Il chercha d’abord des paroles, non pour la persuader, mais pour la calmer ; mais elle ne l’écoutait pas et ne voulait rien admettre. Il se pencha vers elle et prit sa main qu’elle retira. Il baisa sa main, ses cheveux, et encore sa main. Elle se taisait toujours. Mais quand enfin il lui prit la tête entre ses deux mains et l’appela « Kitty ! » elle s’adoucit, pleura, et la réconciliation se fit aussitôt.
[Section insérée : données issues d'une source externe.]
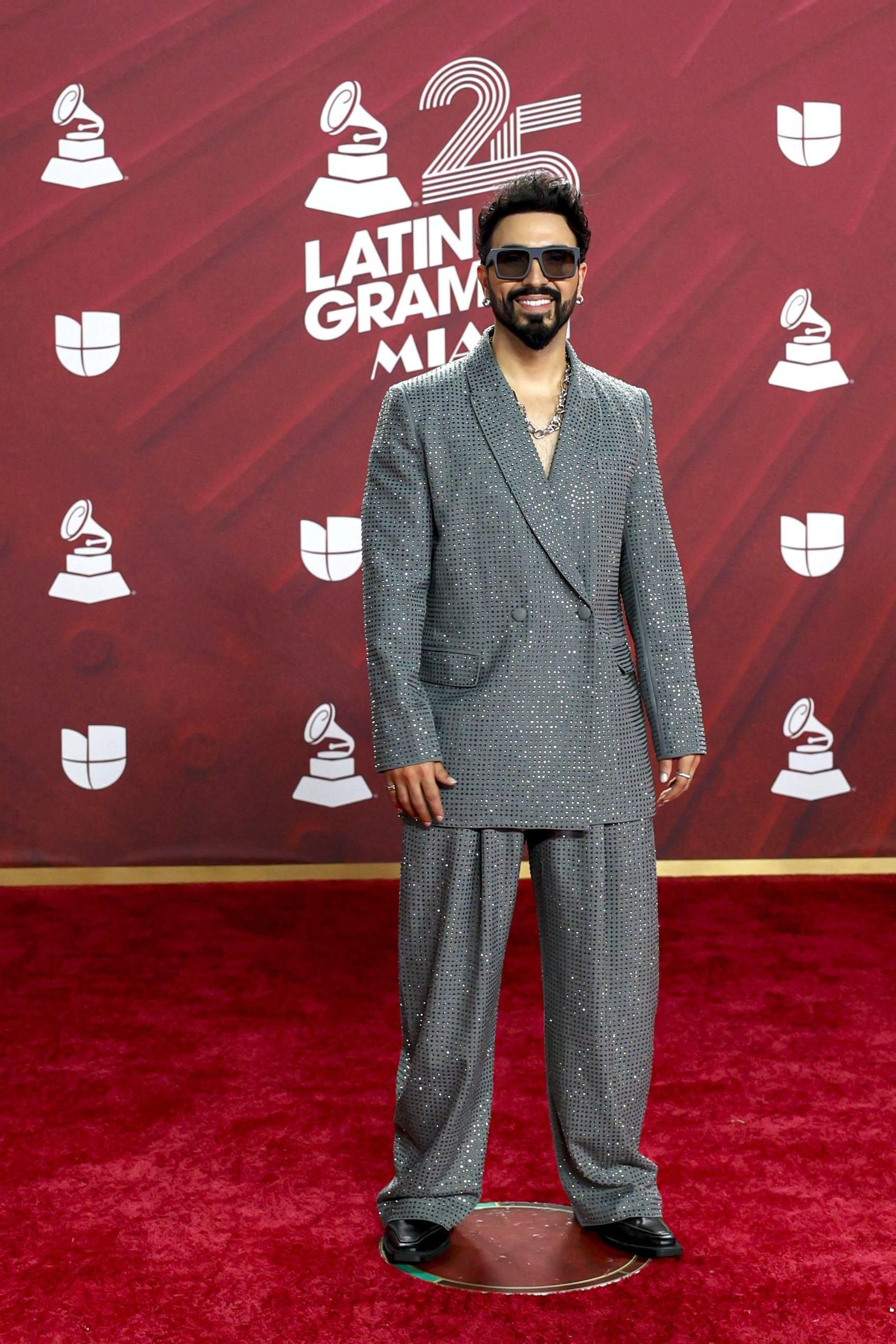 Todos los famosos, tendencias y curiosidades en la alfombra roja de la 25 edición de los Grammy Latinos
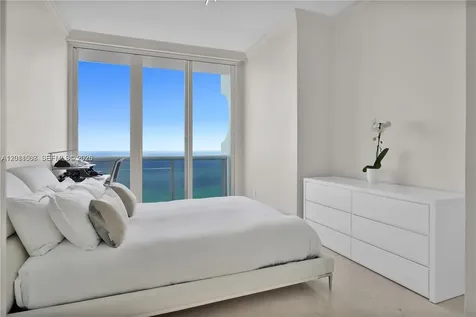 4779 Collins Avenue Miami Beach FL 33140
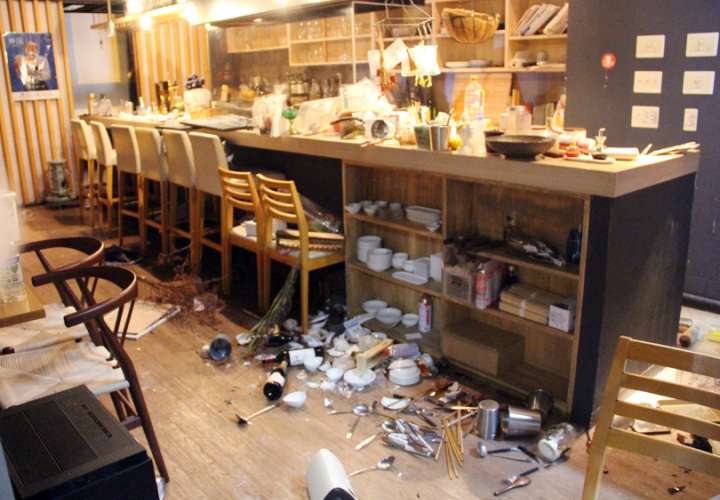 Vista de los destrozos ocasionados por el sismo en un local comercial. EFE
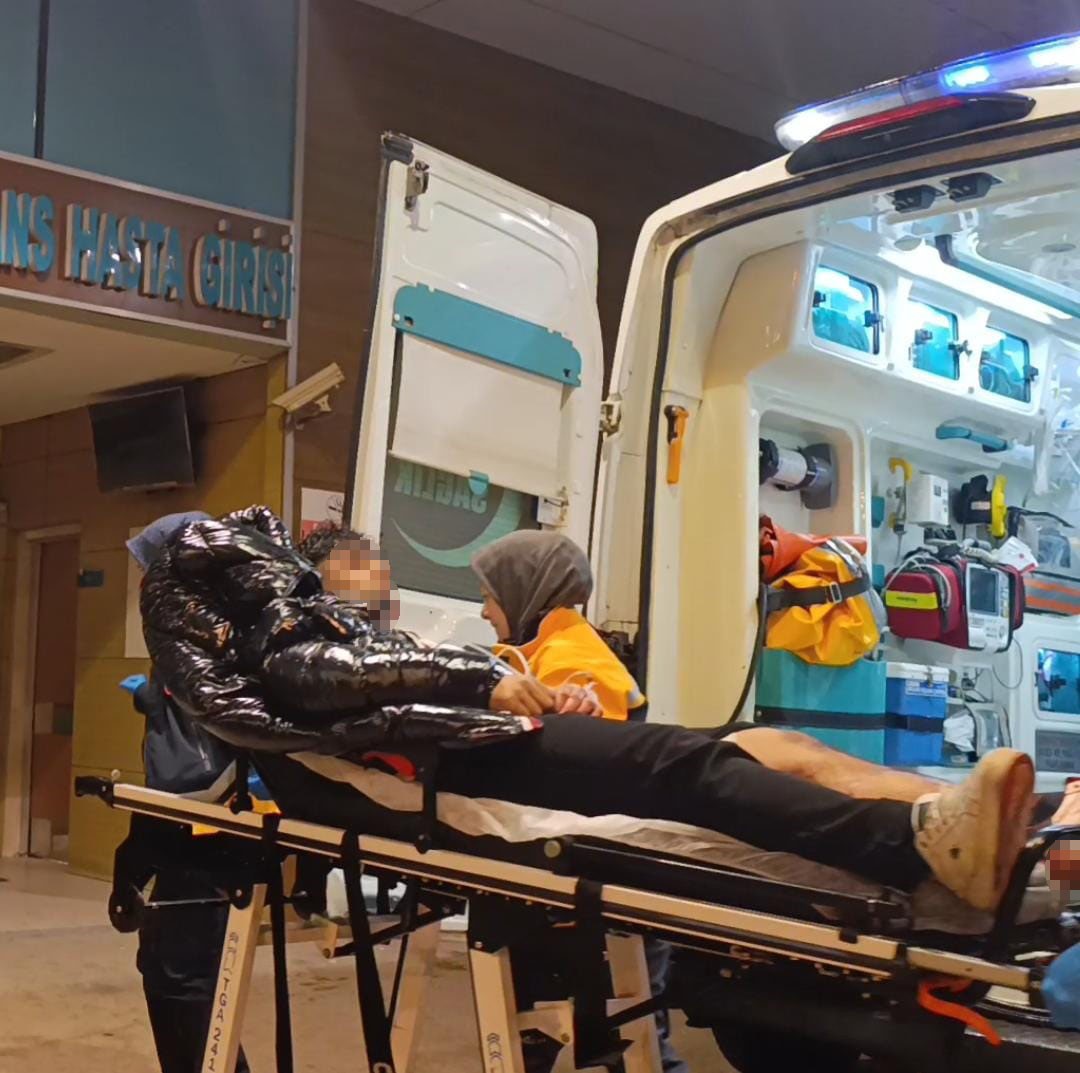 İki grup arasında çıkan tartışma bıçaklı kavgaya dönüştü: 1 yaralı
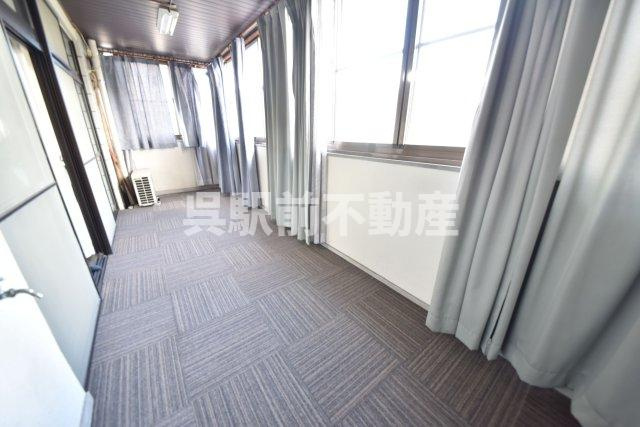 村上ビルのバルコニー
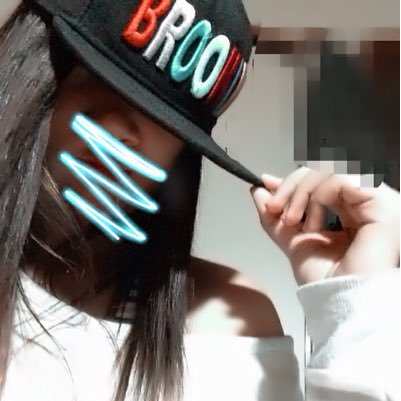 bungaapradila's profile picture. 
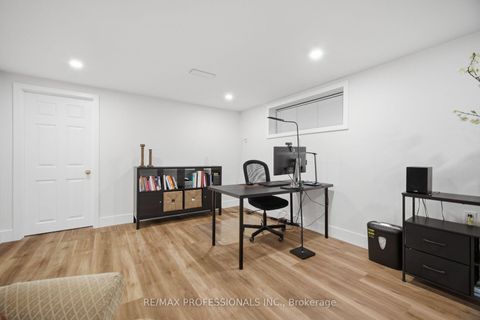 Photo 28 at 8 Beaverbrook Avenue, Rosethorn, Toronto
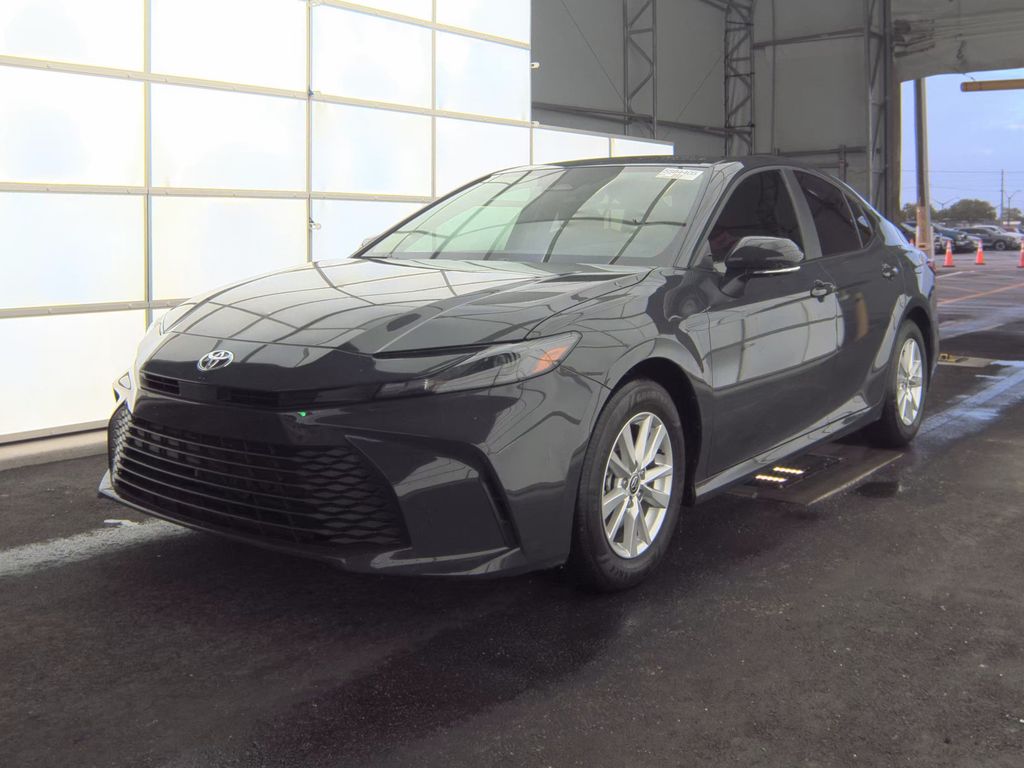 2025 Toyota Camry LE photo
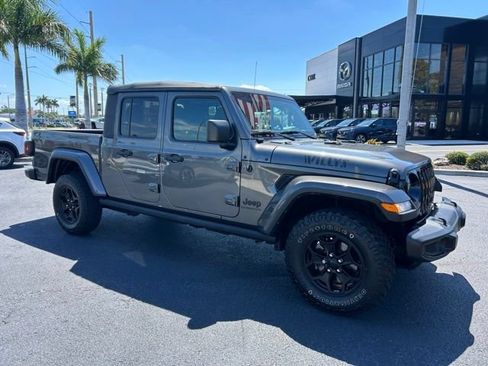 Used 2022 Jeep Gladiator Sport AWD/4WD image 1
On décida de partir ensemble, le lendemain. Lévine jura à sa femme qu’il était persuadé qu’elle ne voulait partir que pour se rendre utile ; il admit qu’il n’y avait rien d’inconvenant à la présence de Marie Nikolaievna auprès de son frère, mais au fond de son âme il était mécontent d’elle et de lui-même. Il était mécontent d’elle qui l’empêchait de partir quand c’était nécessaire. Chose étrange, lui qui, récemment encore, ne pouvait croire au bonheur d’être aimé d’elle, maintenant se sentait malheureux parce qu’elle l’aimait trop ; et il était mécontent de lui-même pour n’avoir pas été ferme jusqu’au bout. Il était surtout mécontent du rapprochement inévitable entre sa femme et la maîtresse de son frère, et il pensait avec horreur à tous les incidents qui pouvaient se produire. La pensée seule que sa femme, sa Kitty, se trouverait dans la même chambre qu’une fille publique, le faisait frissonner de dégoût et d’horreur.